Profitez bien de votre confort matériel tant que vous le pourrez ! Car si la dernière prévision de Martin Armstrong devient réalité, dans quelques semaines, voire quelques jours, toutes nos richesses relatives s’évaporeront à cause d’un « big bang » des dettes publiques début octobre. Même si nous ne croyons plus en ces messages apocalyptiques, nous devons reconnaître qu’il y avait de quoi faire un documentaire joliment alarmiste sur cette échéance prochaine. Hélas, l’opportunité de déchiffrer la jungle des différentes règles de l’économie actuelle, sur fond d’un compte à rebours haletant, est largement ratée par ce documentaire allemand, qui préfère entreprendre la tâche impossible du portrait d’un homme discret. Contrairement à Master of the Universe, le documentaire magistral de Marc Bauder sorti en novembre dernier sur un ancien banquier de la haute finance, L’Oracle ne nous apprend quasiment rien sur les tenants et les aboutissants d’un monde de l’ombre, dans lequel seul le profit prime, au détriment de toute considération humaine. Pire encore, le long détour par le périple judiciaire de Armstrong atténue la portée économique du film, pour nous laisser en fin de compte en panne d’un nouveau repère pour mieux comprendre le cheminement obscur de l’argent à travers le monde.

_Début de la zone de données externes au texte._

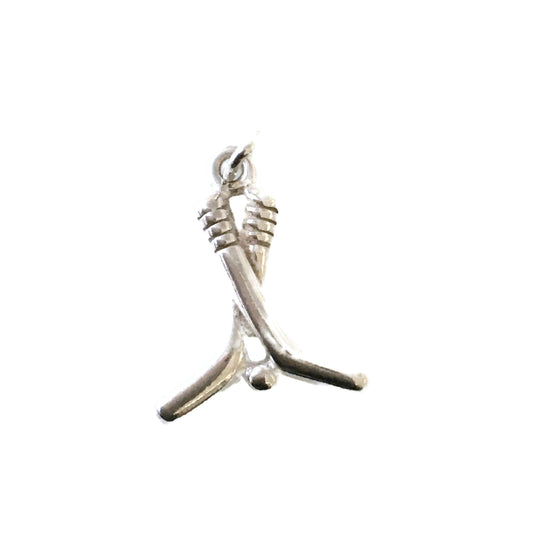 Hockey Sticks Charm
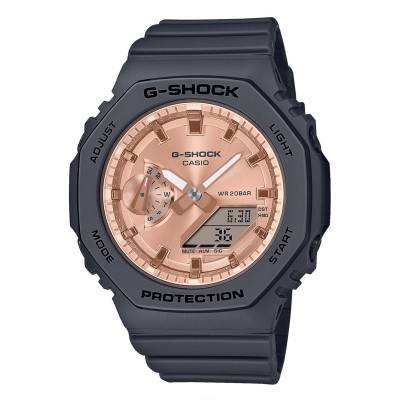 Montre S-Series Pink Gold Metallic Dial GMA-S2100MD-1AER - Casio G-Shock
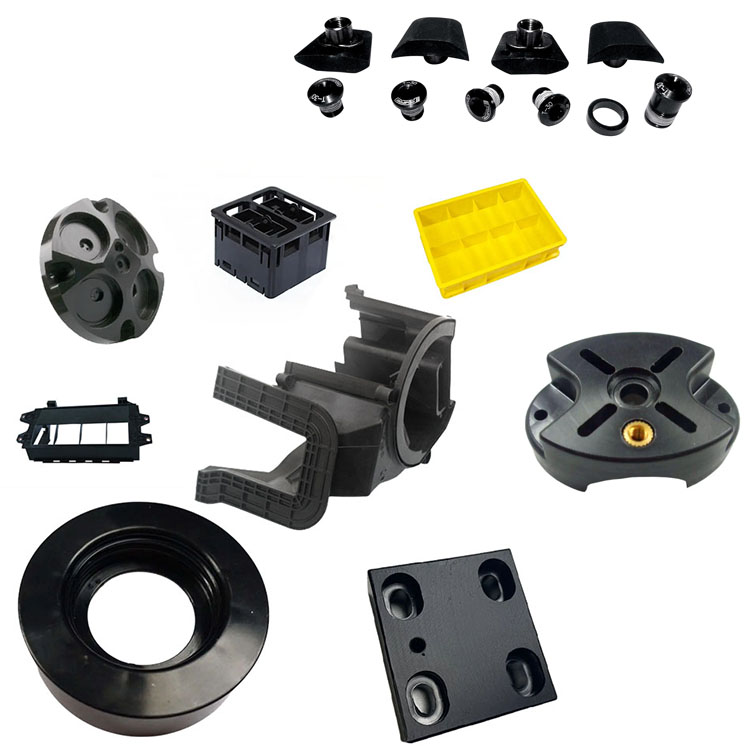 Stampaggio accessori parti in plastica con fibbia a sgancio laterale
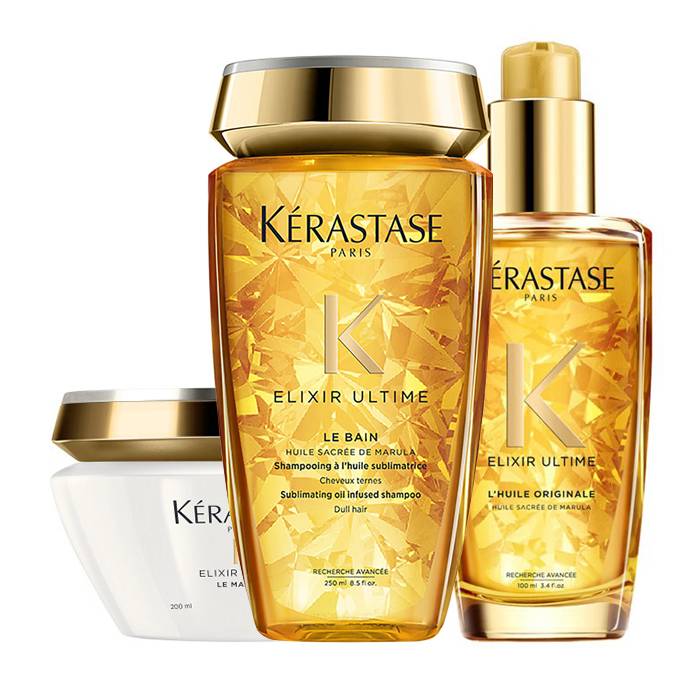 Kerastase elixir ultime маска преображающая для всех типов волос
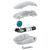 Мышка Microsoft Ocean Plastic Bluetooth White (I38-00009), изображение 6 Мышка Microsoft Ocean Plastic Bluetooth White (I38-00009), изображение 6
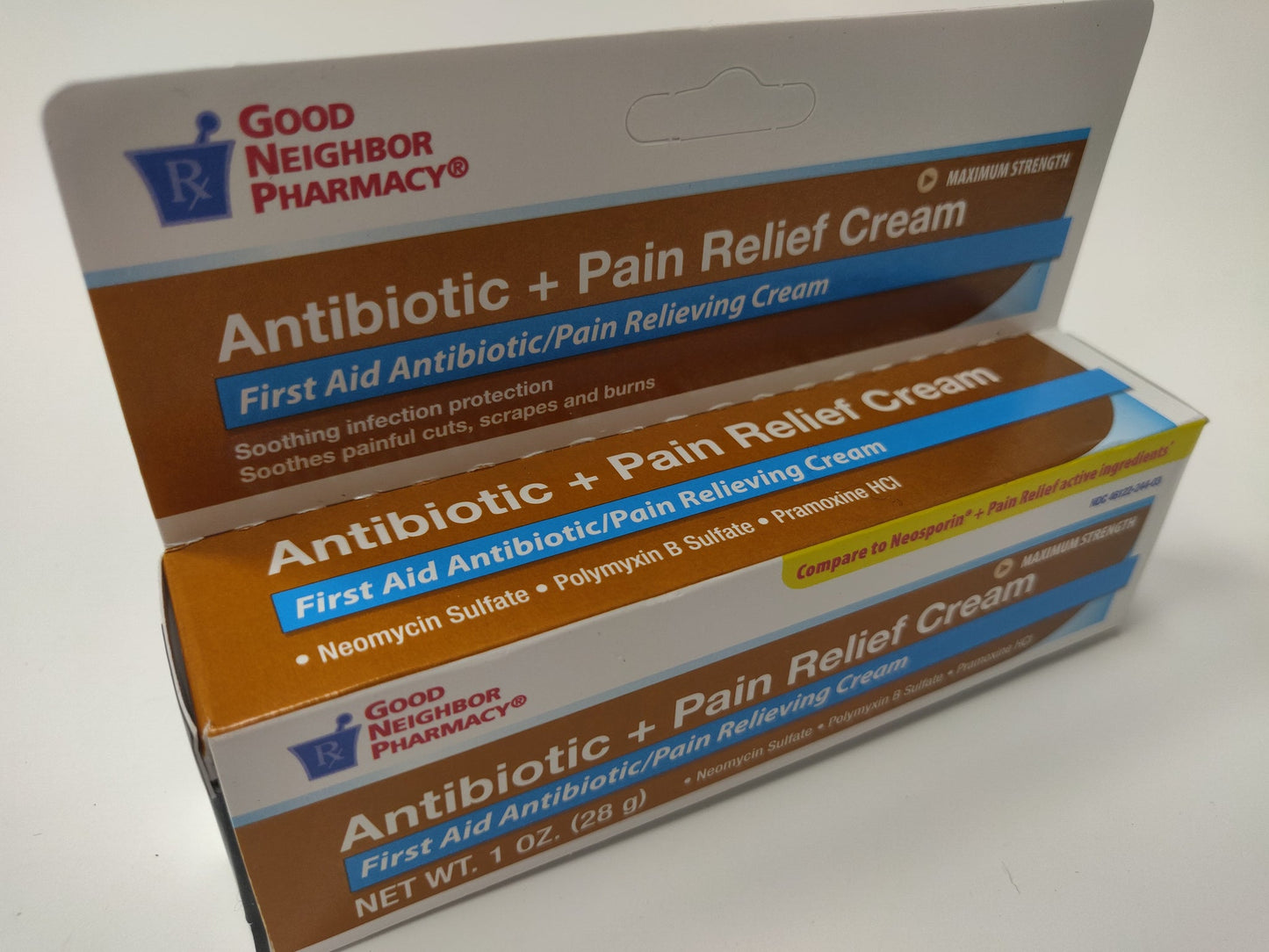 GNP PAIN RELIEF ANTISEPTIC SPRAY 5OZ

Synopsis : Passionné par les pièces de monnaie, l’économiste américain Martin Armstrong a établi un code secret basé sur le nombre Pi et ses recherches sur les mouvements cycliques des marchés. Grâce à ses connaissances, il a pu prédire des événements économiques majeurs, comme le krach de la bourse en octobre 1987 ou la faillite de la Russie onze ans plus tard. Tandis que ce savoir redoutable lui a valu une réputation internationale à travers son entreprise de conseil financier Princeton Economics, il l’a également conduit derrière les barreaux pendant douze ans, à l’issue d’un procès douteux en l’an 2000.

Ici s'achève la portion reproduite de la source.